■ What to work on: Write out exactly the lines running from the one with "4M Weather Station" to the end of the data, including both of those lines and excluding pictures.

■ Supplied material:
──────
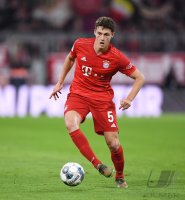 Fussball 1. Bundesliga Saison 19/20: FC Bayern Muenchen - RB Leipzig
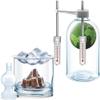 4M Weather Station Kit - Climate Change, Global Warming, Lab - STEM Toys Educational Gift for Kids & Teens, Girls & Boys 8.5 x 4.75 inches view 1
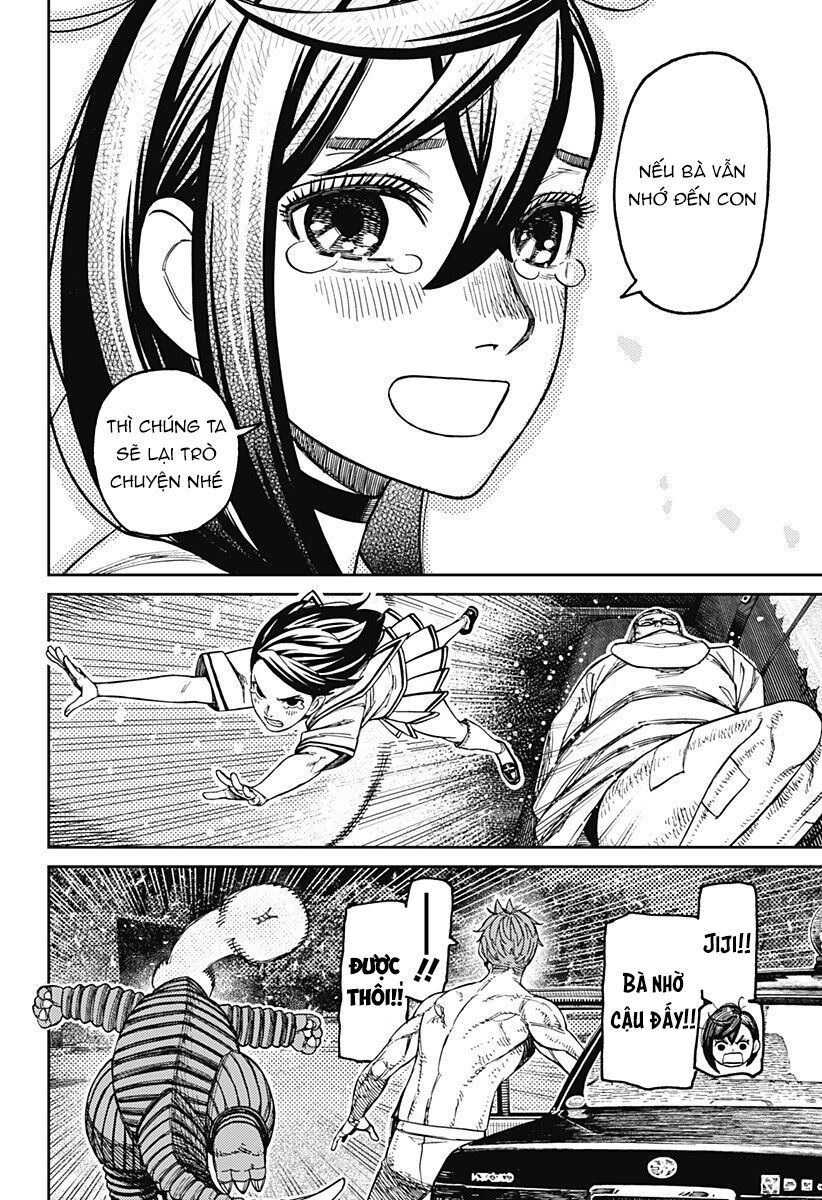 Vũ Trang Siêu Nhiên Chap 207 - Next Chap 208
──────
■ Exercise result:
 4M Weather Station Kit - Climate Change, Global Warming, Lab - STEM Toys Educational Gift for Kids & Teens, Girls & Boys 8.5 x 4.75 inches view 1
 Vũ Trang Siêu Nhiên Chap 207 - Next Chap 208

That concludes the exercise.